Le Père miséricordieux qui embrasse le fils perdu est l'icône définitive de Dieu révélé par le Christ
Il est tout d'abord et surtout un Père. Il est le Dieu Père qui étend ses bras bénissants et miséricordieux, attendant toujours, ne forçant jamais aucun de ses fils. Ses mains soutiennent, serrent, donnent de la vigueur et dans le même temps réconfortent, consolent, caressent. Ce sont des mains de père et de mère dans le même temps. Le père miséricordieux de la parabole contient en lui, en les transcendant, tous les traits de la paternité et de la maternité. En se jetant au cou de son fils, il montre l'aspect d'une mère qui caresse son fils et l'entoure de sa chaleur. On comprend, à la lumière de cette révélation du visage et du cœur de Dieu le Père, la Parole de Jésus, qui déconcerte la logique humaine:
"Il y aura plus de joie dans le ciel pour un seul pécheur qui se repent que pour quatre-vingt dix neuf justes, qui n'ont pas besoin de repentir" (Ibid., n. 15, 7).
Et également:
«Il naît de la joie devant les anges de Dieu pour un seul pécheur qui se repent» (Ibid, 15, 10).

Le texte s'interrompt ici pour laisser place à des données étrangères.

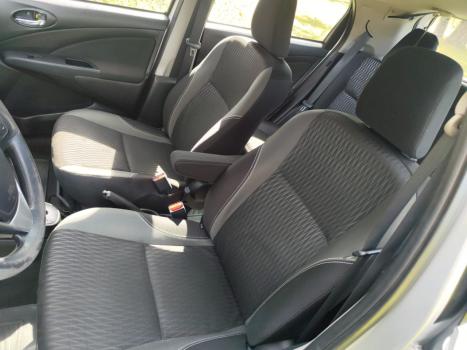 TOYOTA Etios Hatch 1.5 16V 4P FLEX XS AUTOMTICO, Foto 13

5. Le mystère du « retour à la maison» exprime admirablement la rencontre entre le Père et l'humanité, entre la miséricorde et la misère, dans un cercle d'amour qui ne concerne pas seulement le fils perdu, mais qui s'étend à tous. L'invitation au banquet, que le père adresse au fils aîné, implique l'exhortation du Père céleste à tous les membres de la famille humaine afin qu'eux aussi soient miséricordieux. L'expérience de la paternité de Dieu implique l'acceptation de la «fraternité», précisément parce que Dieu est le Père de tous, également du frère qui se trompe.
En racontant la parabole, Jésus ne parle pas seulement du Père, mais il laisse également entrevoir ses propres sentiments. Face aux pharisiens et aux scribes qui l'accusent de recevoir les pécheurs et les publicains et de manger avec eux (cf. Ibid., 15, 2), il montre qu'il préfère les pécheurs et les publicains qui s'approchent de lui avec confiance (cf. Ibid., n. 15, 1) et révèle ainsi qu'il est envoyé pour manifester la miséricorde du Père. C'est la miséricorde qui resplendit en particulier sur le Golgotha, lors du sacrifice offert par le Christ en rémission des péchés (cf. Mt 26, 28).